LIIDLII KUE/FORT SIMPSON - The quality of services and programs offered in their communities topped the list of issues that Deh Cho leaders recently brought forward to Premier Floyd Roland.

Roland and other members of the territorial government, including Michael Miltenberger, the deputy premier, were in Fort Simpson on Jan 20 and 21 for a series of meetings. Before spending Wednesday with leaders of the regional aboriginal governments from across the territory, Roland met with Deh Cho leaders on Tuesday.

Premier Floyd Roland, left, and Grand Chief Jerry Antoine share a table during a meeting between territorial government representatives and leaders from the Deh Cho on Jan. 20 in Fort Simpson. - photo courtesy of Dehcho First Nations

Deh Cho leaders were eager to have the chance to speak with the premier.

"As soon as I got to the microphone I talked until I got it all off my chest," said Chief Darcy E. Moses of Wrigley.

On behalf of the Pehdzeh Ki First Nation, Moses raised a long list of issues that included the community's water treatment plant, housing and education. The primary issue was ensuring there will be an RCMP officer and a nurse present in the community, said Moses.

The community has always been told that if the RCMP comes a nurse will follow, said Moses.

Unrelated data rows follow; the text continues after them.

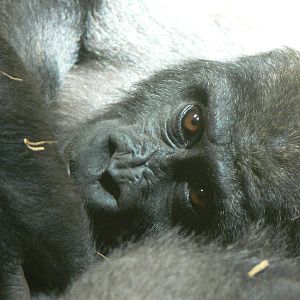 Western Lowland Gorilla at Blackpool Zoo, 26/05/13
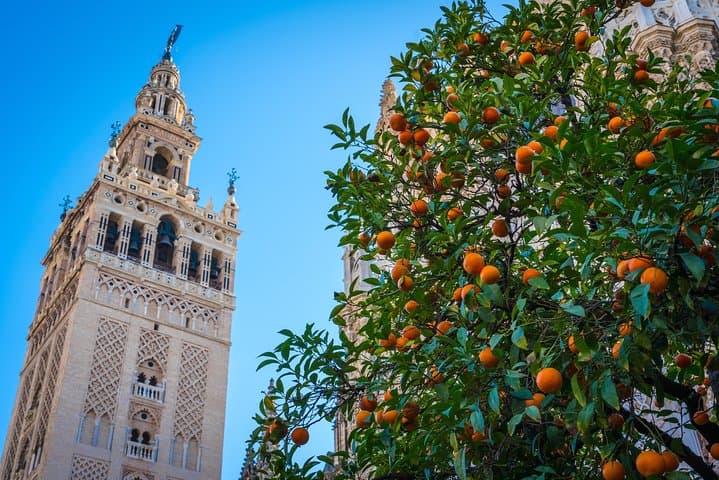 Highlights of Seville Walking Tour for Kids and Families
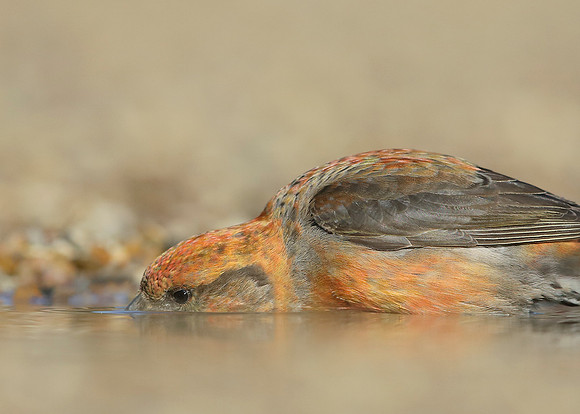Crossbill Loxia curvirostra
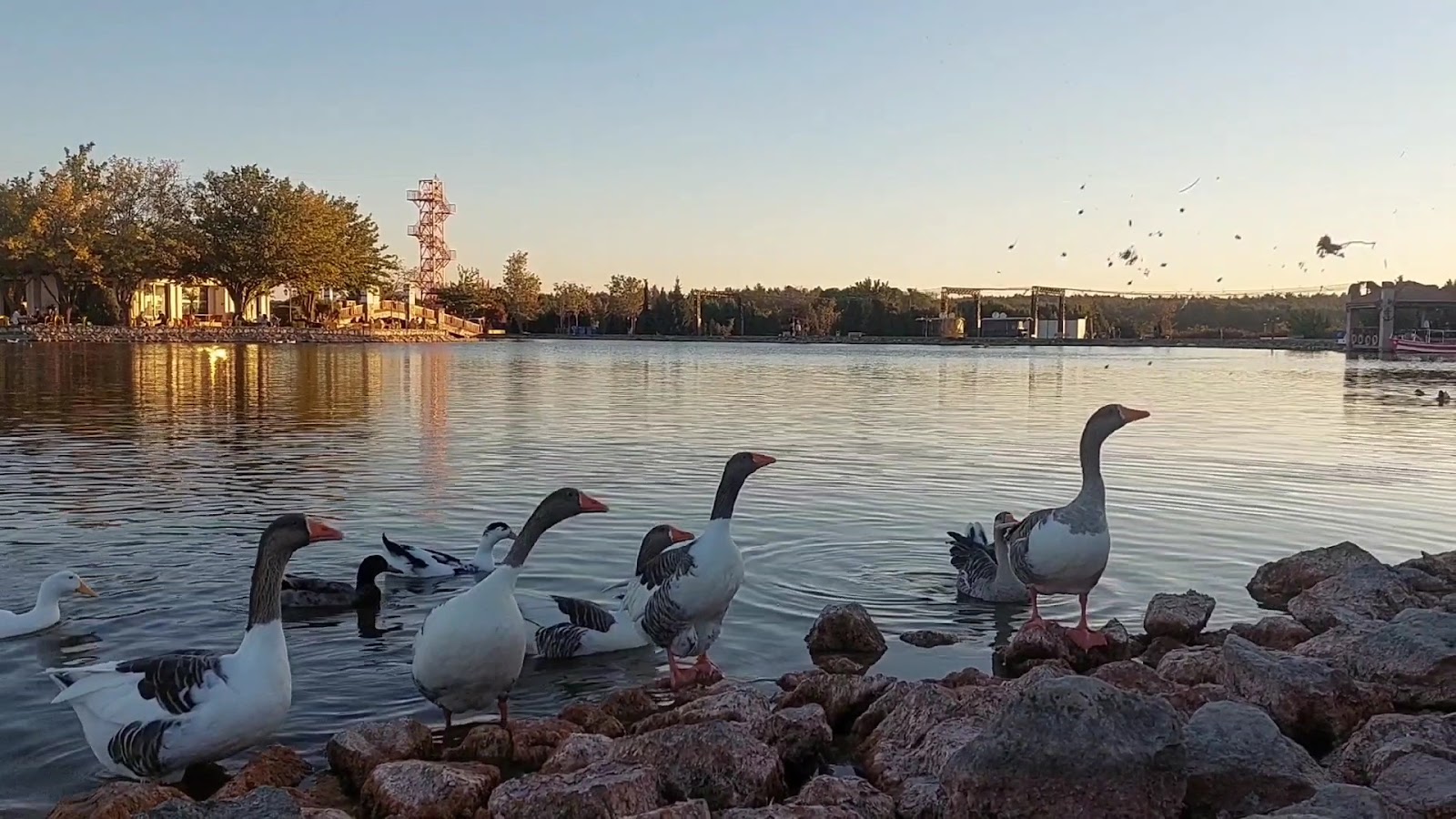 Buca Gölet — fotoğraf 3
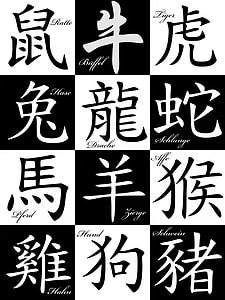 Chinese, Signs Of The Zodiac thumbnail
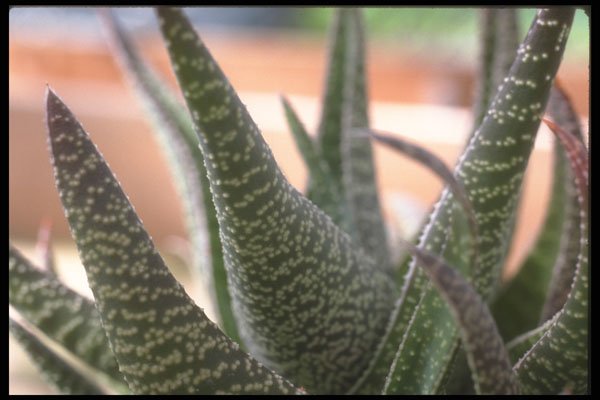 318097 Spiky Aloe A4 Photo Print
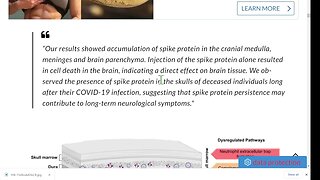 🟨 Report 24 : 德國研究：病毒和疫苗中的刺突蛋白導致腦細胞死亡 + 瑞士撤回所有新冠疫苗接種建議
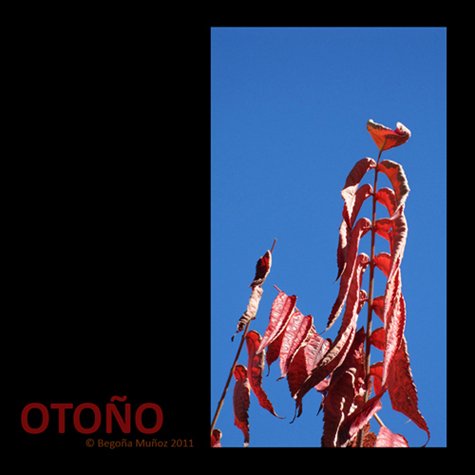 copyright begoña muñoz 2011 all rights reserved vegap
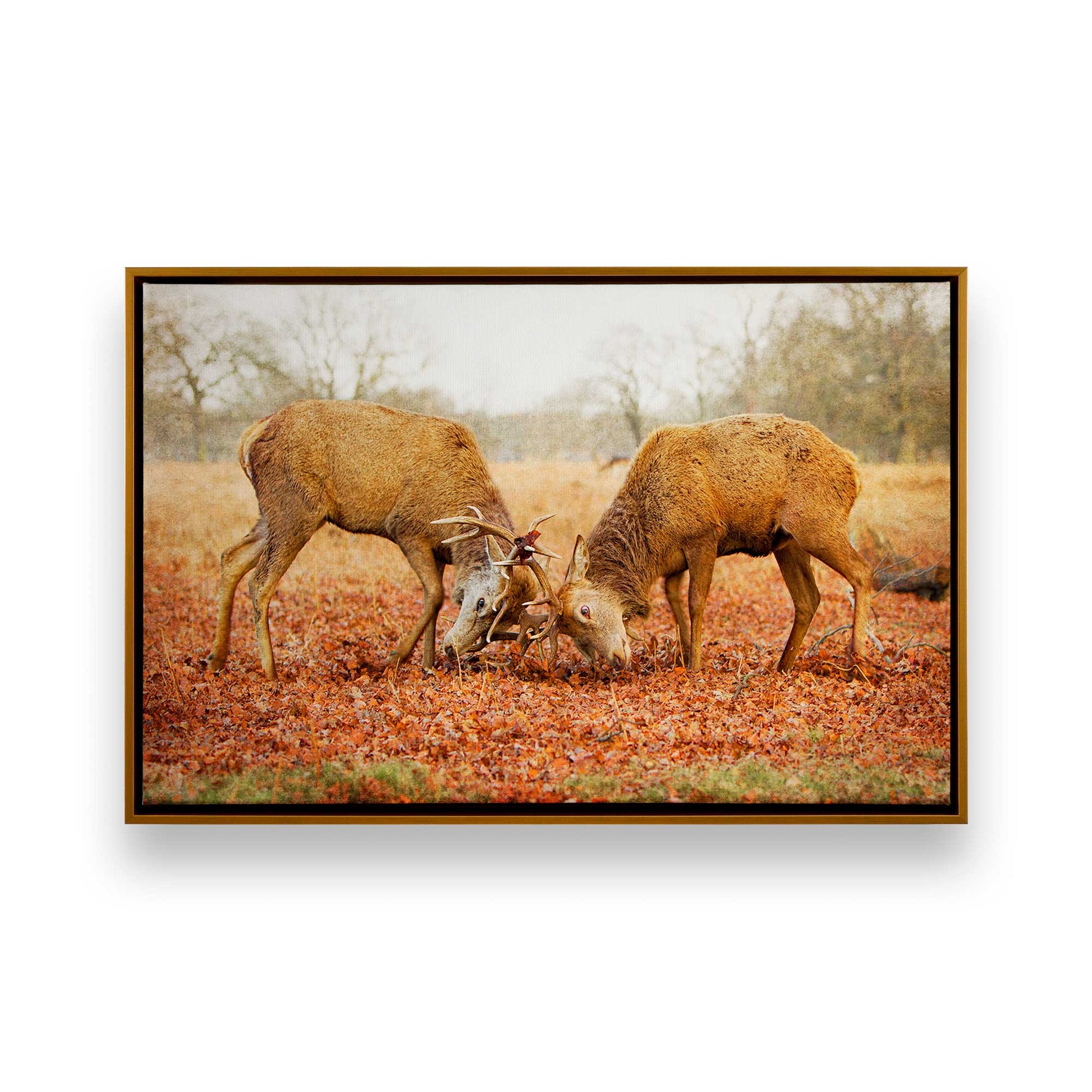 [Color:Polished Gold], Picture of art in a Polished Gold frame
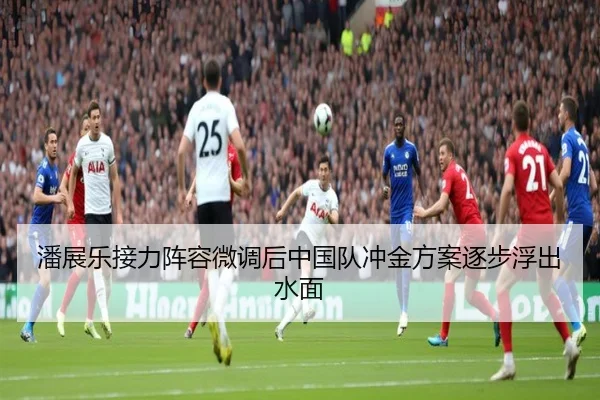 潘展乐接力阵容微调后中国队冲金方案逐步浮出水面 - milan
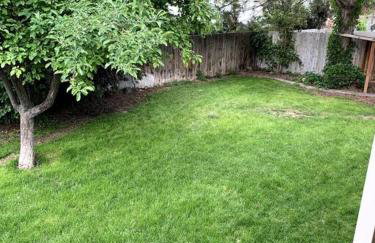 Sunny Days! Room for All and Pet Friendly - Foto 8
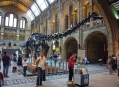  ����� �������������� � ����� (London Natural History Museum) 8
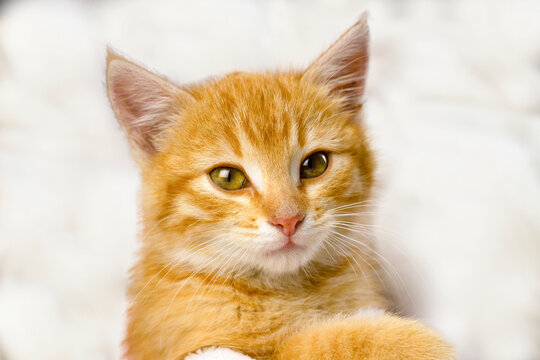 cute fluffy cat, adorable ginger cat on white background, cute ginger kitten with golden tones and soft lighting, serene ginger kitten poised against soft white backdrop with golden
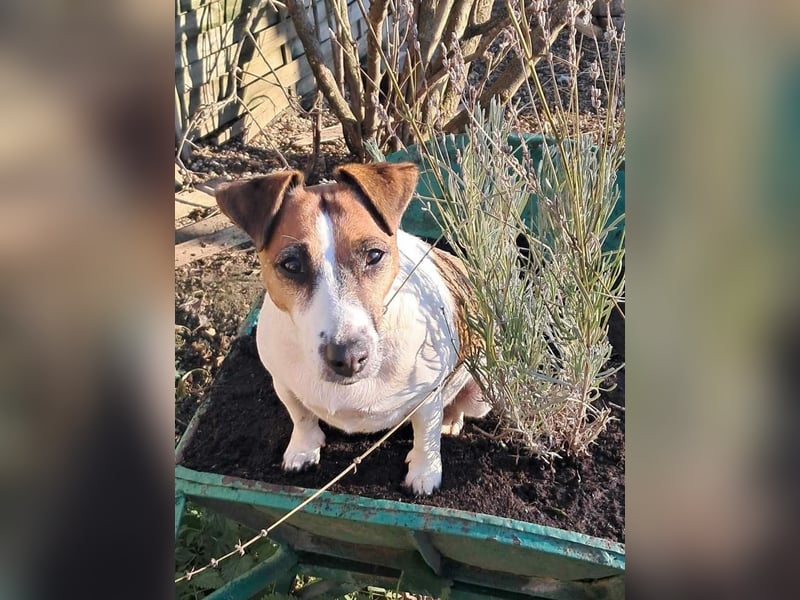 Jack Russell Terrier geb.2022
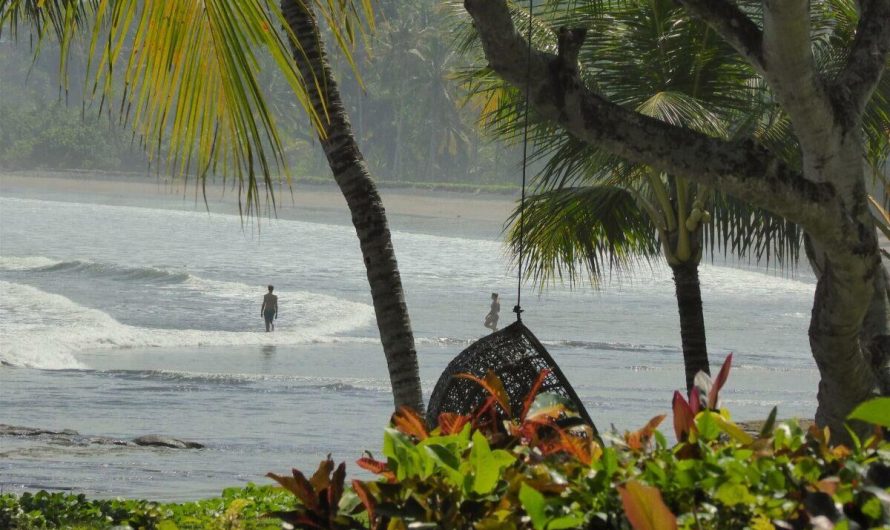 Bali Masih Jadi Favorit Turis Mancanegara, Kenapa?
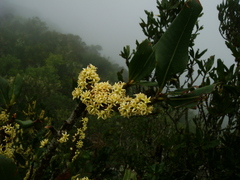 Pleiomeris canariensis image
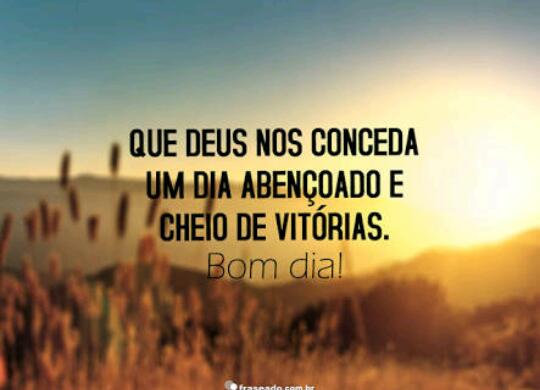 anelydutra's tweet image. 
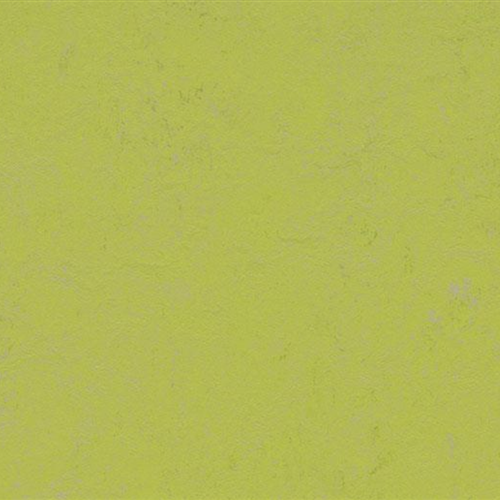 Marmoleum Concrete by Forbo Flooring (Linoleum) - Green Glow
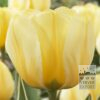 Tulips 'Jaap Groot' (12313)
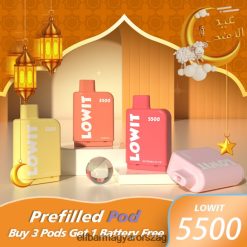 ELFBAR LOWIT 5500 előretöltött hüvely áfonyás jég L8448R374 - Elf Bar Ár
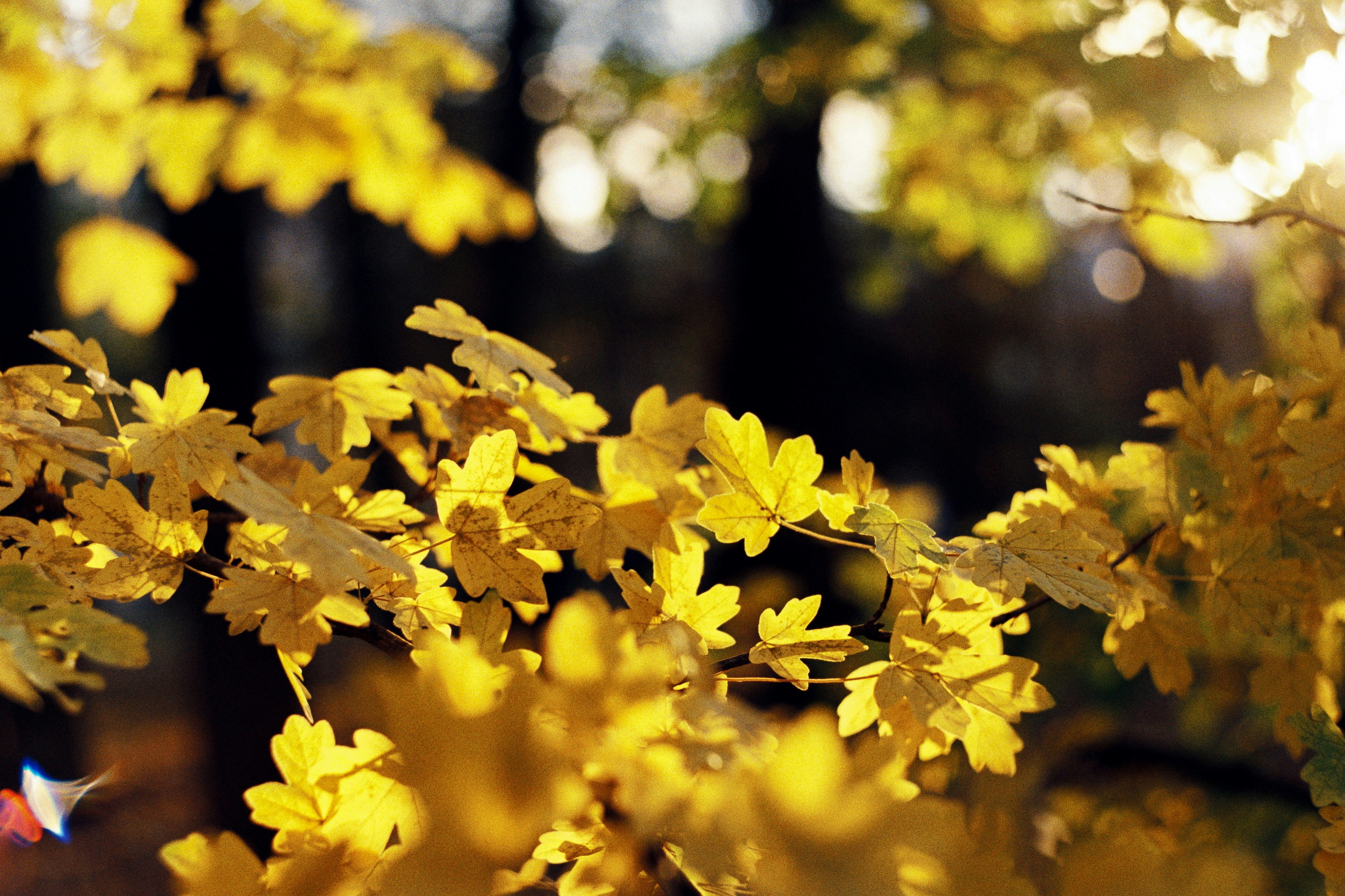 Photo by yapomidorka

The RCMP is close to establishing a position in Wrigley and Moses said he was looking for assurances that a nurse will also be forthcoming.

Coming from Trout Lake, education was at the top of Chief Dolphus Jumbo's list of priorities.

"We need a regular school," said Jumbo.

Currently, students from kindergarten to Grade 9 share the same classroom at Charles Tetcho school in the community. The school is located in a wing of the band recreation complex.

Trout Lake needs a larger, separate school structure to prepare for an increase in student numbers, he said. There are approximately 12 children between the ages of one and four in the community.

"The population is growing so it's time we start asking for it now," said Jumbo.

In addition to needing assistance for education in the community, more funding needs to be put toward post-secondary education so students can pursue careers, Jumbo said. The next generation will soon be running the First Nations' offices, so they need every opportunity to prepare, he said.

The issues raised by the Wrigley and Trout Lake leadership were just some of the 20 items on the agenda for the meeting. Put together, the Deh Cho leaders sent a message that the territorial government has to consult with communities when they're contemplating taking actions or implementing programs, said Grand Chief Jerry Antoine of the Dehcho First Nations.

The government also has to accommodate the concerns raised by the communities, Antoine said.

"The GNWT must understand that the Deh Cho communities are not stakeholders.

"They're a government in themselves and they need to be dealt with in this way," he said.

The meeting between the territorial and Deh Cho leadership was productive, said Antoine.

"It was a really good dialogue," he said.

The concerns raised at the meeting will be followed up on, said Premier Floyd Roland.

The issues will be directed to the appropriate ministers who will contact the individual chiefs, Roland said. The government is examining the consistency and levels of program in the smaller communities, he said.

Ministers Michael Miltenberger and Robert McLeod are heading the committee on sustainability of rural and remote communities.

The committee is charged with looking at the programs and services, how they're implemented and the concerns surrounding them.

The group will make recommendations back to the cabinet, said Roland.